Chart Table: Watching the fireworks for the QM2’s birthday from inside Seatern (while moored to the jetty) I really needed to be able to lean back on the electric switchboard to see out of the oval window. This prompted me to make the cover which I had originally planned and then decided against. I then realised that it could also double as a chart table. I’m not likely to use it much as a chart table at sea since I don’t expect to do much navigating [explanation!]. However I think it will be useful when preparing pilotage for a trip or entering way marks into the chart plotter. I’m really pleased with the result.
When stowed the backrest clips out of the way. The chart table support either swings back against the original seat back or it can be removed. As a backrest it is supported by a wooden block screwed to the original seat back on the outboard side, and by the fold-away leg on the inboard side. The angle keeps it clear of the Echomax unit and the VHF microphone. When used as a chart table the Garmin chartplotter can be slotted into a holder just above it. This was my original “nighttime” place for the Garmin allowing the anchor alarm to be set while I sleep. The chart case was my original “chart table” which allows the chart to be used in the cockpit while sailing.

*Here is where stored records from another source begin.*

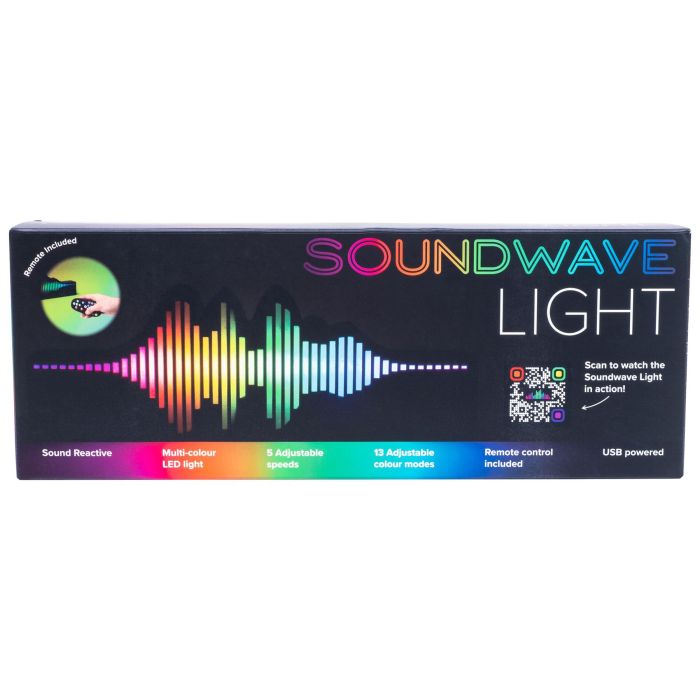 Sound Wave Light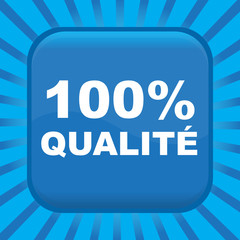 100% QUALITÉ ICON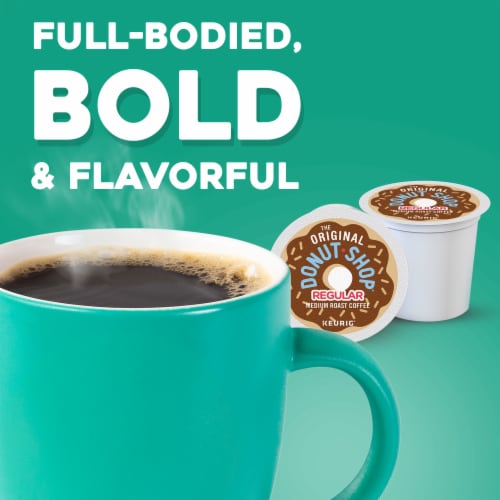 The Original Donut Shop® Regular Medium Roast K-Cup Coffee Pods Perspective: right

(Note added 29th July 2014: I do actually use it when sailing for noting events in my rough log; these later form the basis for diary entries on this web site. Since taking the original photos I’ve added non-slip matting and a low fiddle around the table to stop my logbook falling off. I’ve also got a pen and iPhone holder positioned right of the chart-plotter mounts. The photo shows the present configuration, the iPhone is showing the Met Office surface pressure chart!)